Again, the arguments stdout, stderr DupFd are constants that determine how we wish to redirect.

var pipefd io.ReadCloser
var err error

switch stdout {
case DevNull:
    // redirect to /dev/null
    f, err := os.OpenFile(os.DevNull, os.O_WRONLY, 0o600)
    if err != nil {
        return Process{}, err
    }
    cmd.Stdout = f

case Pipe:
    // capture output via pipe
    pipefd, err = cmd.StdoutPipe()

default:
    // do not redirect
    cmd.Stdout = os.Stdout
}

Next, start the process and return the Process structure:

proc := Process{
    Cmd: cmd,
    StdoutPipe: pipefd,
    StderrPipe: pipefd_stderr,
}

// start the process!
err := proc.Cmd.Start()
if err != nil {
    return proc, err
}
return proc, nil

The production version of Popen() includes some things that I left out here for brevity;

a similar switch as above, but for redirecting stderr
redirecting stderr to stdout, and vice versa
redirecting stdin for input
redirecting to an open file descriptor for writing to an on-disk file

Now that we have a running the process with some pipes, not much else is happening by itself, really. What we need to do is read from the pipes to obtain the data. That’s easy enough, but there is a caveat; the process potentially writes lots of data to both stdout and stderr. If we go about this naively, then it’s well possible that internal buffers fill up and the whole process deadlocks. Moreover, if we throw input on stdin into the mix as well, then it’s easy to see we have to juggle multiple I/O streams concurrently.

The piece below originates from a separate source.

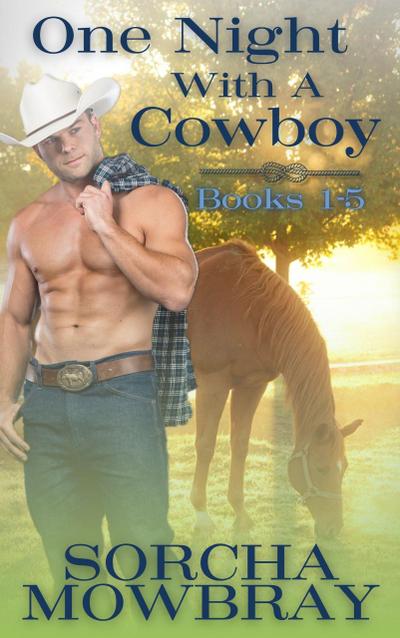 One Night With A Cowboy (Books 1-5)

If there is one thing Go is good for, it’s concurrent programming.

Mimicking the Python API again, the function that does the I/O is named Communicate().

func (self *Process) Communicate() ([]byte, []byte, error)

Communicate reads from the pipes and returns the output as bytes. Not shown here: writing input data to the input pipe.

// captured output data
var b_stdout []byte = []byte{}
var b_stderr []byte = []byte{}

// separate error variables
var err_stdout, err_stderr error

// a waitgroup to synchronize concurrent goroutines
var wg sync.WaitGroup

// note that `self` is a Process struct
if self.StdoutPipe != nil {
    wg.Go(func() {
        b_stdout, err_stdout = io.ReadAll(self.StdoutPipe)
    })
}
// ... left out: same thing for stderr

// wait for all goroutines to finish
wg.Wait()

// ... error handling goes here

// and return the data
return b_stdout, b_stderr, nil

The funny thing about goroutines is that they’re not necessarily running multi-threaded. (Since these are blocking I/O calls, they will be threads). It is absolutely possible to write this function in a single-threaded fashion (using I/O multiplexing). Using goroutines however just makes it so much easier.

The final step is cleaning up the process and collecting the exit code.

func (self *Process) Wait() (int, error)

The implementation of Wait() is straightforward, but we need to take care of the error handling. The Go Command.Wait() method returns an error of type ExitError when the process exits with a non-zero exit status. I don’t like that; in my book a process is free to have any return code, I don’t treat it as a hard error.

err := self.Cmd.Wait()
if err != nil {
    // test whether error is an ExitError
    exiterr, ok := err.(*exec.ExitError)
    if ok {
        exitcode := exiterr.ExitCode()
        // non-zero exit is not an error
        return exitcode, nil
    }
    // some other error occurred
    return -1, err
}
// exit code 0
return 0, nil

Note the syntax of the Go type assertion. The error type is actually a Go interface, implying that there may be many kinds of error. The type assertion uses (runtime) introspection to verify that this specific error is an ExitError.

Given all this, it’s easy to put together a fully functional subprocess.Run() function. One last gotcha: the process must always be waited on, otherwise we risk creating a zombie process. Either use Golang’s defer keyword, or avoid returning too early on error.

This post explains the code beginning to end. It’s not natural to get everything right the first time around; writing code is an iterative process where you refine and refactor until arriving at where you want to be. There was no time and space in this post to describe the iterations in detail. Other than that, note the features unique to Go that make this code tick.